The disadvantage of this approach is that it is slow to predict, unlike the user and item vectors, which are precomputed, the prediction has to be done for each user and item pair. Whereas single dot product for each pair is needed for the matrix factorization approach, in this case the entire model has to be run for each pair, which is generally slower. We could subsample the items to be predicted for each user.
SVR took multiple hours to train, since there are around 100K explicit ratings in my filtered dataset. Generally this is a large dataset for a SVR which can even have quadratic complexity in the number of samples. Both the linear regression and the neural network were trained in a few minutes.
Unfortunately, there is no easy way to compare this approach and matrix factorization, since matrix factorization was evaluated using top-k accuracy, and this approach is evaluated using RMSE. Top-k accuracy would be hard to compute for this approach, since it would require to compute the rating for #test_users * #books, which is slow.
I haven't completed this approach, but there is a gist in openai_embeddings.py. I would use the OpenAI ada
text embedding model to embed the books and users
into a 1500-dimensional vector space. The idea was to use the cosine similarity to find the closest books to the user. Zero-shot approach.
Or then use this as the input to the matrix factorization approach, leveraging also the relationships between users and books in our dataset.
Their embedding model is trained on a large corpus of text, and the embeddings are trained to be similar for words that are similar in meaning. The books are embedded as a string of their metadata - the title, author, year, etc. The user is embedded as a concatenation of the books metadata the user rated (possibly subsampled), plus his location and age.

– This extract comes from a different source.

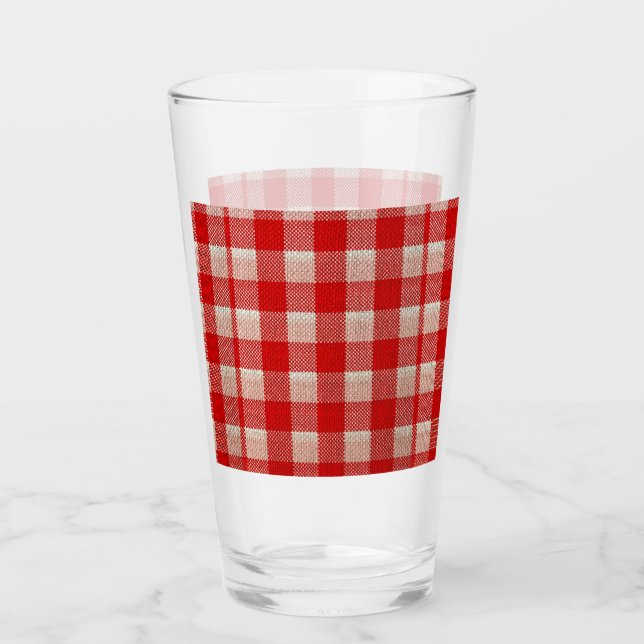 Copo De Pint Vista de Burlap com Padrão Verificado de Gingham V (Frente)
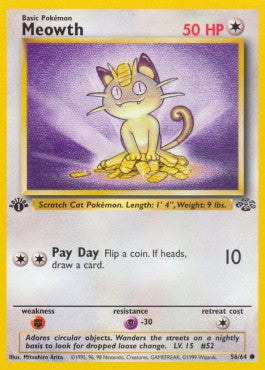Pokemon TCG Meowth (JU 56) Light Play Damage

The advantage of this approach is that it is fast to predict, similar to the matrix factorization approach. However, we cannot control the dimensionality of the embedding space, which is rather large. In production, we could use vector databases, which use some heuristics to compute nearest neighbors. If we used the embedding as the input to the matrix factorization approach, we could to reduce the dimensionality of the final embedding, therefore possibly making the prediction faster.
The main advantage of the OpenAI approach is that it is zero-shot, we don't need to train the model on our dataset, we can just use the pre-trained model. And as new user and book metadata is added to the dataset, no training needs to be done, and it can be used immediately, even if we add the matrix-factorization approach to the OpenAI embeddings. Unfortunately, in the other approaches mentioned in the former sections, the model would have to be retrained, since the users and books are represented by an integer index, respectively the one-hot encoding of the index; the model would have to be retrained to take into account the new users and books. Or other workarounds would be needed, such as passing as new user's recommendations the recommendations of the most similar users in the dataset.
Also in the matrix factorization approach, the neural network model can be trained multi-task, for retrieval (implicit ratings mainly) and ranking ("sorting") tasks at once. This is not done in this assignment, but it is possible to do it.
There are also reinforcement learning approaches, where the time is taken into account, and the user is modeled as a Markov Decision Process, making sequential actions. The predictions could therefore be influenced by the previous actions, and the model could learn to recommend items that are not only relevant, but also diverse, or reflect the user's mood or interests evolving over time.